Ultimately, it is God who gives victory to kings in general and to David — here perhaps a figure for kingship in general in Israel — in particular (144:10). But this imagery should be seen in something besides a military or political context. Israel as God’s elect people is in view here. This means that the ultimate victory is manifested in the blessings that accrue to being God’s specially chosen. Israel’s sons and daughters are to have a future — for God’s people have a future (144:12). Part of Israel’s blessing is abundance and prosperity and economic boon — life to its fullest (144:13–14). Folks who experience these blessings are happy that the Lord is their God.
These three psalms together accent humanity and God’s willingness, not to mention ability, to work through humanity. God has chosen mere mortals to deal with those who refuse to see that they live in God’s created order and who fail to realize the task that God has put forward for the elect. From a pan-canonical point of view, the ultimate mere mortal through whom God works out God’s purposes is the Son of Man, Jesus of Nazareth, the Christ. Though this one, too, was made “a little less” than God/the angels in the Incarnation, He was crowned with glory and honor by finally subjecting all enemies of God to His power.
Questions for Further Reflection
- Psalm 8 highlights praise that comes from an unlikely source. What is this source, and why do you think the psalmist chose to feature it? In your own journey of faith, where have you witnessed or experienced worship that came from a seemingly unlikely source?

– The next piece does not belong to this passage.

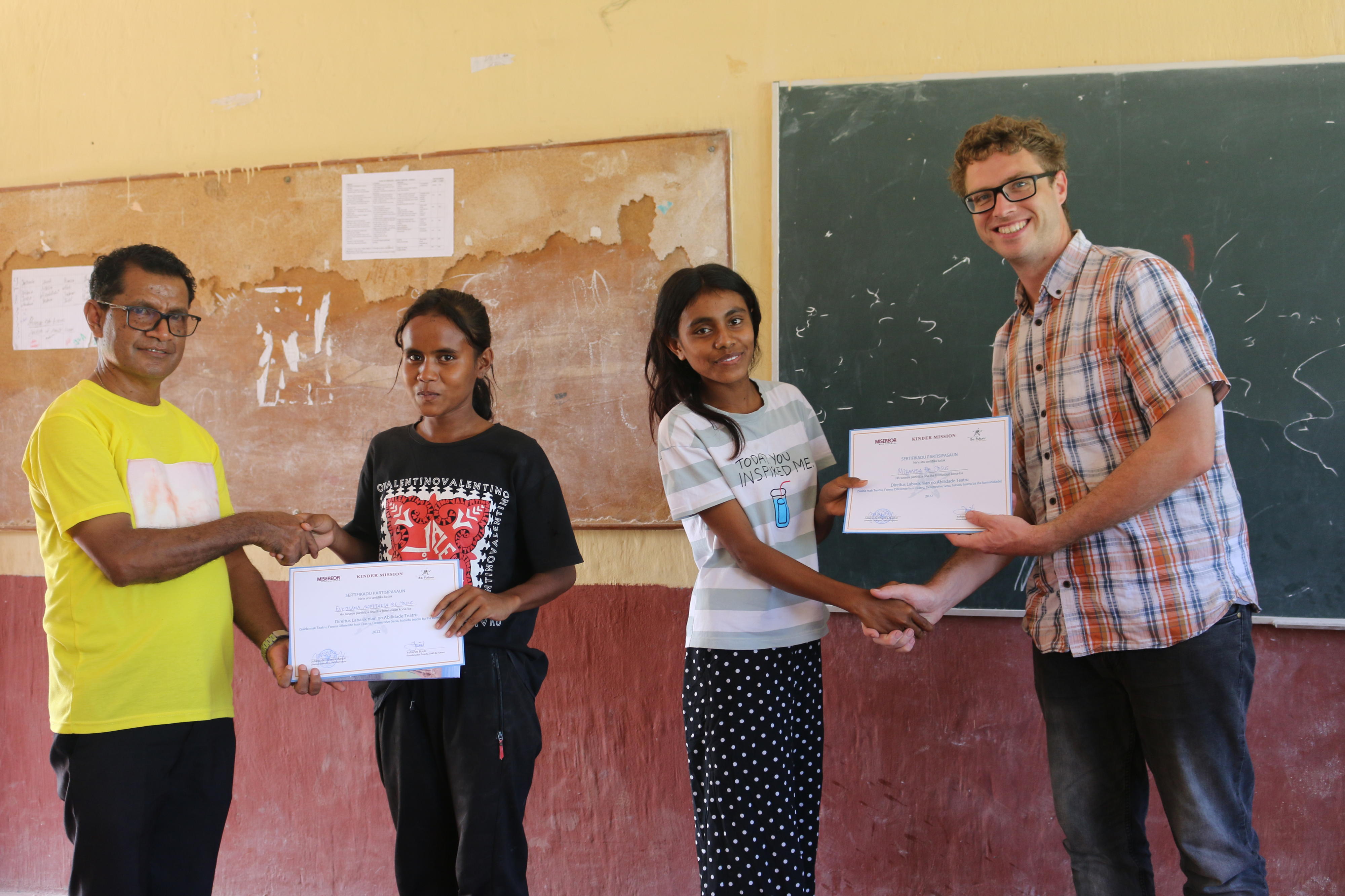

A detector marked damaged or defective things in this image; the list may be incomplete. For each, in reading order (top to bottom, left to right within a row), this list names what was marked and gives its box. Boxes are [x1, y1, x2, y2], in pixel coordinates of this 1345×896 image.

peeling plaster patch [473, 54, 514, 72]
peeling plaster patch [211, 91, 261, 111]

- Re-read 8:3-6. What is striking to you from these verses? What impact do these realities have on your day to day life? More specifically, your attitudes, actions, or purpose?
- What characteristics or acts of God are lifted-up in Psalm 33? If you were to write a psalm about God’s work in your life, what attributes or action would you choose to highlight to demonstrate God’s glory and majesty?
- Re-read 33:20-22. What sort of postures do we see demonstrated in the Psalmist’s language? Consider focusing on one of these postures or attitudes in the coming days and weeks. How could you cultivate a spirit that embodies these attributes in a more robust way?
- Psalm 144 continues in a similar vein as Psalms 8 & 33 in regard to their understanding of humanity, yet introduces a particular nuance. What is this nuance? (Hint: Check out 144:4 if you get stuck). How does this reality challenge contemporary culture? How does it challenge your understanding of your own life?